- Born: 1967 (age 58–59) Toyama, Japan
- Education: Keio University, Tokyo College of Photography
- Known for: Photography

= Mikiko Hara =

Japanese photographer (born 1967)

Mikiko Hara (原 美樹子, Hara Mikiko) is a Japanese photographer.

== Biography ==
Hara was born in Toyama in 1967. She graduated from Keio University in 1990 with a degree in literature, and then studied at the Tokyo College of Photography until 1996.

== Photography ==
Using a medium-format camera, Hara takes photographs of people she encounters outside, in the train, and so forth. She said "My shooting style is so-called snapshot, so I can say all of my photographs were taken by a mere accident, . . . They are the photographs of somewhere yet nowhere."

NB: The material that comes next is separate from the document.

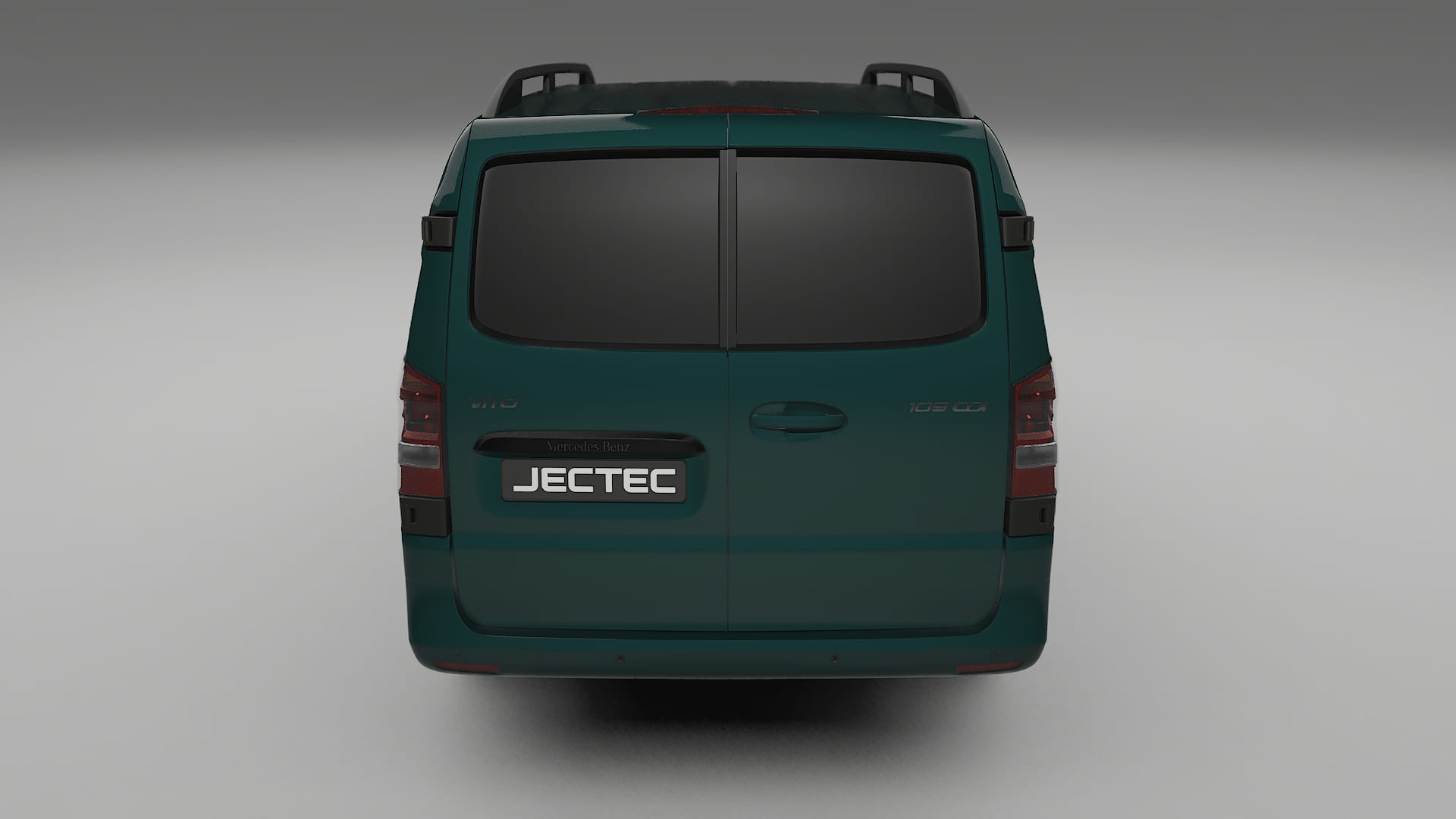 Mercedes Vito Short W447 prefacelift pre LCI Film de Protecție pentru Vopsea TPU | INFERNO PPF cu Schimbare de Culoare – Kit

Comparing her photography with that of Rinko Kawauchi, Ferdinand Brueggeman writes

Mikiko Hara's photography is poetic as well, but she has a different topic. She talks about distance and isolation of people in public spaces – especially of women.

==Exhibitions==

===Solo exhibitions===
- Is as It. Gallery le Deco (Shibuya, Tokyo), 1996.
- Agnus Dei. Ginza Nikon Salon (Ginza, Tokyo), 1998.
- Utsuro no seihō (うつろの製法). Shinjuku Konica Plaza (Shinjuku, Tokyo), 2001. The Third Gallery Aya (Osaka), 2001.
- Hatsugo no shūen (発語の周縁). Guardian Garden (Ginza, Tokyo), July 2004.
- Hysteric Thirteen publication exhibition. Place M (Shinjuku, Tokyo), August-September 2005.
- Humoresque. Appel (Kyōdō, Tokyo), 2006.
- Blind Letter. Cohen Amador Gallery (New York), 2007.
- Kumoma no atosaki (雲間のあとさき). Gallery Tosei (Nakano, Tokyo), May 2008.
- Blind Letter. Third District Gallery (Shinjuku, Tokyo), June 2010.
- In the Blink of an Eye 1996-2009. Miyako Yoshinaga Gallery (New York), September-November 2017.
- Kyrie Miyako Yoshinaga Gallery, September - October 2019

===Other exhibitions===
- Puraibētorūmu 2: Shin sekai no shashin hyōgen (プライベートルーム2 新世代の写真表現) = Private Room II: Photographs by a New Generation of Women in Japan. Contemporary Art Center, Art Tower Mito (Mito, Ibaraki), April-June 1999.
- Japan: Keramik und Fotografie: Tradition und Gegenwart. Deichtorhallen (Hamburg), January-May 2003.
- Pingyao International Photography Festival (Pingyao, China), 2004.
- Nichijō kara no tabi (日常からの旅). Shinjuku Epsite (Shinjuku, Tokyo), November-December 2005.
- Absolutely Private: Contemporary Photography, vol 4 = 私のいる場所 新進作家展vol.4 ゼロ年代の写真論. Tokyo Metropolitan Museum of Photography (Ebisu, Tokyo), March-April 2006.
- A Private History. Fotografisk Center (Copenhagen), September 2007 - January 2008.
- Sangyō toshi Kawasaki no ayumi 100-nen (産業都市・カワサキのあゆみ100年). Kawasaki City Museum (Kawasaki), 2007.
- Shashin no genzai, kako, mirai: Shōwa kara kyō made (写真の現在・過去・未来 昭和から今日まで). Yokohama Civic Art Gallery (Yokohama), December 2009.
- Shibui: Six Japanese Photographers 1920s-2000. Stephen Cohen Gallery (Los Angeles), April-June 2009.
- In Focus: Tokyo. J. Paul Getty Museum (Los Angeles, California), August–December 2014.

==Collections==
- The Art Institute of Chicago, Chicago, IL
- Bibliothèque nationale de France (Paris)
- Getty Museum

==Books==
- Hysteric Thirteen. Tokyo: Hysteric Glamour, 2005.
- These Are Days. Tokyo: Osiris, 2014. ISBN 978-4-905254-04-1.
- Change. New York: Gould Collection, 2016. ISBN 978-0-9973596-0-2. With a short story by Stephen Dixon, "Change." Edition of 500 copies plus 26 copies with a print.